■ **Required work**: With the material below, print exactly the lines between the line holding "a blue bedroom" and the line holding "A finished walk-in", inclusive. Add nothing else.

*** Records to use ***

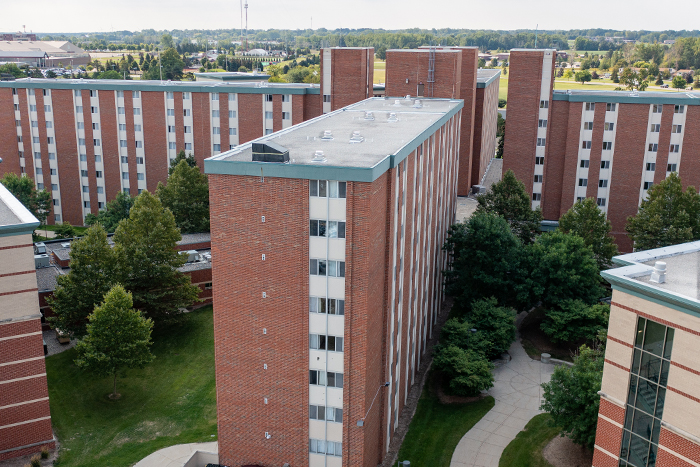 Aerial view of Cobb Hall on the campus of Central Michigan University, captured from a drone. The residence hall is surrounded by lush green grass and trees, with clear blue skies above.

*** End of Records to use ***
*** Records to use ***

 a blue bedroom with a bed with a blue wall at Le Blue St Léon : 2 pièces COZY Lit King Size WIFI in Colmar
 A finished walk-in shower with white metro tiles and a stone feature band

*** End of Records to use ***
*** Records to use ***

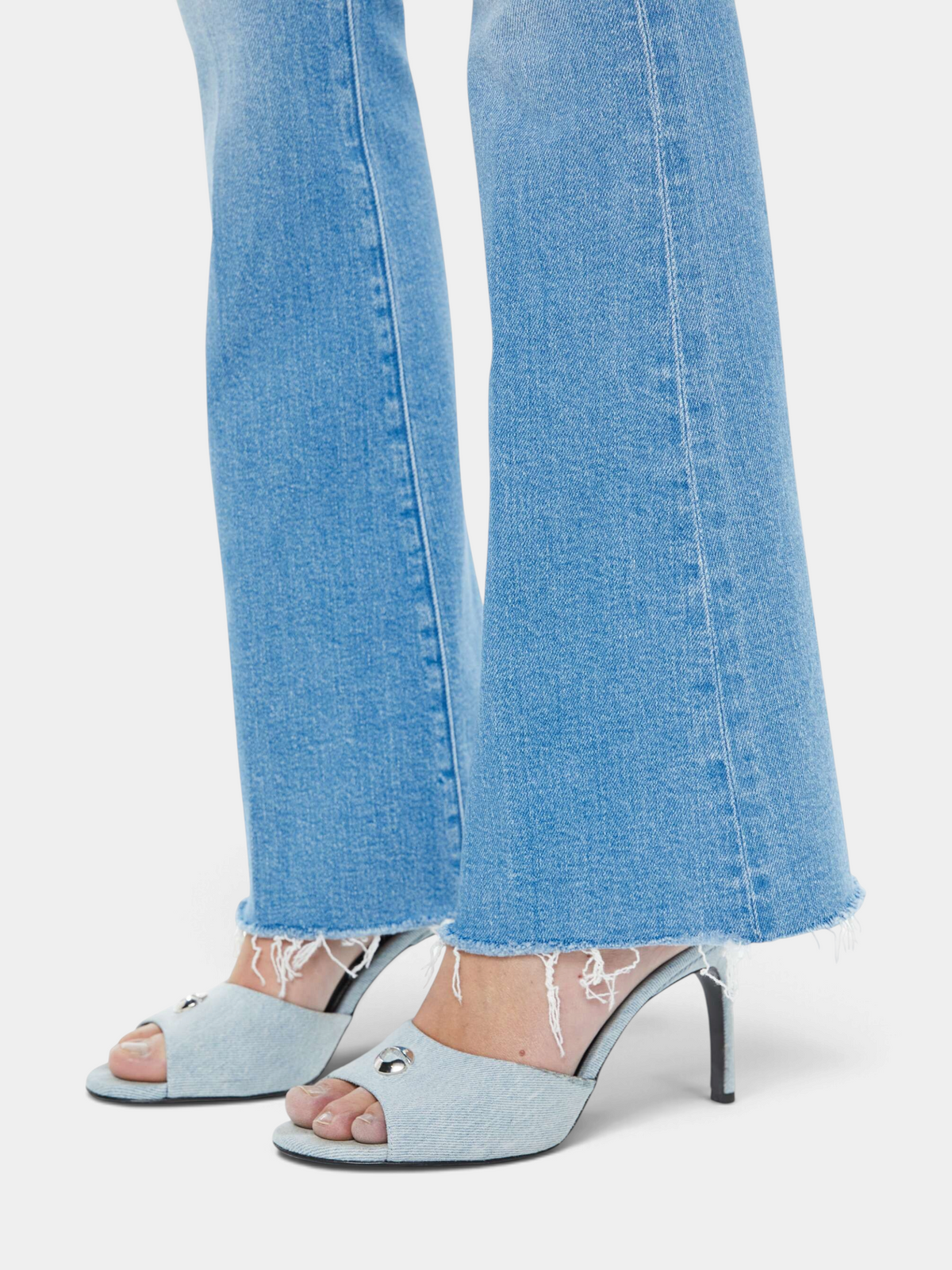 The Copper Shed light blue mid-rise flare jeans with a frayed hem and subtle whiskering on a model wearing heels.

*** End of Records to use ***

■ **Exercise response**:
 a blue bedroom with a bed with a blue wall at Le Blue St Léon : 2 pièces COZY Lit King Size WIFI in Colmar
 A finished walk-in shower with white metro tiles and a stone feature band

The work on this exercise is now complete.